The tug was the smaller of two powerless vessels that had
been removed from the Marine Science Center pier at Fort
Warden State Park and secured to a mooring buoy off of Port
Hadlock. The wind came up out of the north, causing the Orca to sink
unexpectedly and the larger barge that was tied up to it,
floated off into deeper water and sank.
Today, the Orca rests in 65 feet of water, just north of the Port Hadlock marina. Its location is well marked on NOAA chart 18464 (as a “WK” obstruction at the very south end of the map) and for a change, the position on the chart is spot on. This gem of a 45’ tug sits upright on the bottom, with the bow pointing north, and with the towing bits and windlass still ready for their next towing assignment. The roof of the wheelhouse has collapsed, so the bridge now resembles an open flying bridge, but the Orca is in remarkably good shape. Much of the blue paint still outlines the portholes on the cabin and the smoke stack, mast and lights still reach for the sun.
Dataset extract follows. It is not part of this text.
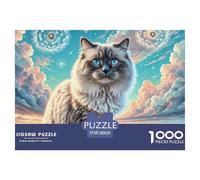 Ragdoll Cat 1000 Pieces Jigsaw Puzzles Age 12+ for Adults Pet Animal Fun Challenging Brainteasing Colourful Home Decoration 38x26cm/1000pcs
The steering quadrant and steering cables (see photo to the left) are exposed and give the visiting diver an interesting insight into how the tug’s large rudder (which is still in place) was controlled while the Orca herded barges, logs and ships into position at the docks she once worked.
The wreck of the Orca is a really pleasant dive site located about 360 yards due east of the Hadlock Boat Ramp. The tug is providing a nice artificial reef for countless marine critters and is truly a pleasurable dive for visiting divers.